04/11/2025
Berawal dari semangkuk sayur lodeh, kisah cinta antara Soekarno dan Hartini pun bermula.
Pada tahun 1952, saat melakukan kunjungan kerja ke Salatiga, Soekarno mampir untuk makan siang di rumah Wali Kota.
Dari sekian banyak hidangan yang tersaji, ia paling menikmati sayur lodeh buatan Hartini. Karena sangat terkesan, Soekarno pun bertanya kepada sang wali kota, “Siapa yang memasak sayur lodeh seenak ini? Aku ingin berterima kasih padanya.”
Tak lama, Hartini dipanggil menghadap Soekarno.
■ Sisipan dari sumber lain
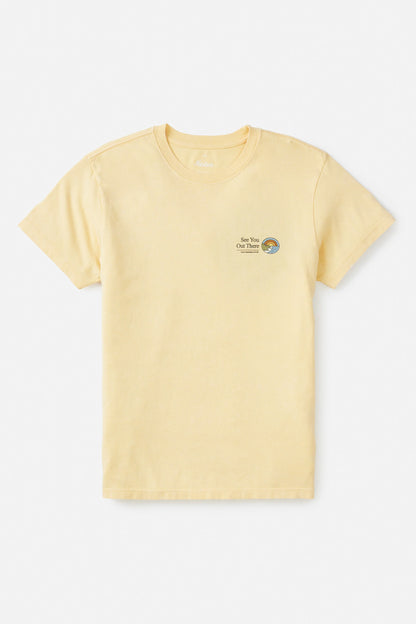Katin Coastal Tee Sun Yellow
Saat mereka berjabat tangan, Soekarno langsung terpikat oleh pesona dan kelembutan tutur kata Hartini.
Dalam perbincangan hangat itu, Soekarno mengetahui bahwa Hartini telah bercerai dari suaminya, Suwondo, di usia 28 tahun, dan kini berjuang membesarkan lima anaknya seorang diri sebagai juru masak.
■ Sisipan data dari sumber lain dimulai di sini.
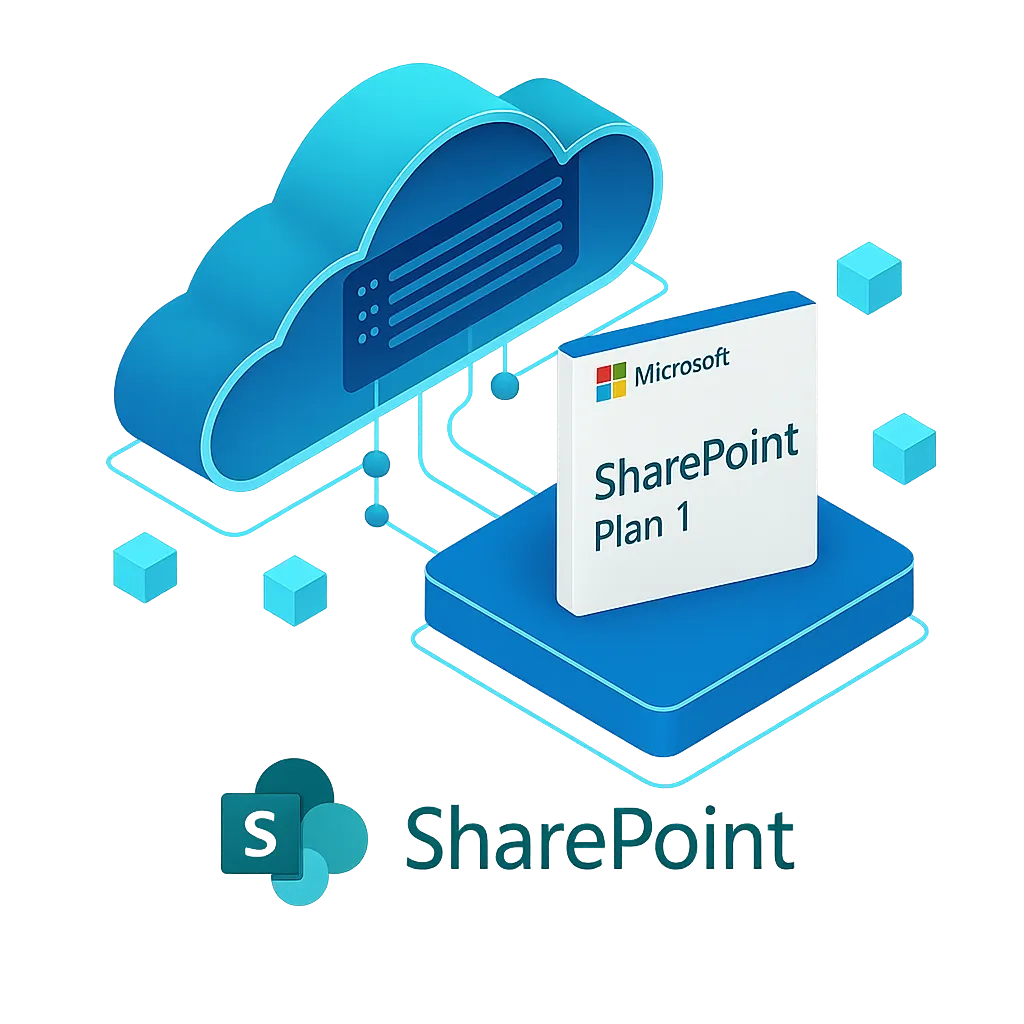 Microsoft SharePoint Plan 1 (Annual)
Sejak pertemuan itu, bayangan Hartini tak pernah lepas dari pikiran Soekarno. Suatu hari, ia menulis sebuah surat berisi ungkapan perasaannya, “Tuhan telah mempertemukan kita, Tien (Hartini), dan aku mencintaimu. Ini adalah takdir.”
Kata-kata puitis dalam surat itu membuat hati Hartini berdebar — antara bahagia dan ragu.
Setelah menjalin hubungan selama setahun, Soekarno pun melamar Hartini. Meski awalnya ragu karena tahu Soekarno masih memiliki Fatmawati sebagai istri pertama, akhirnya Hartini menerima pinangan tersebut dengan syarat Fatmawati tetap menjadi Ibu Negara, dan dirinya menjadi istri kedua.
Dengan restu Fatmawati, Soekarno dan Hartini melangsungkan pernikahan di Istana Cipanas pada 7 Juli 1953, meski tak lama kemudian Fatmawati memilih meninggalkan istana.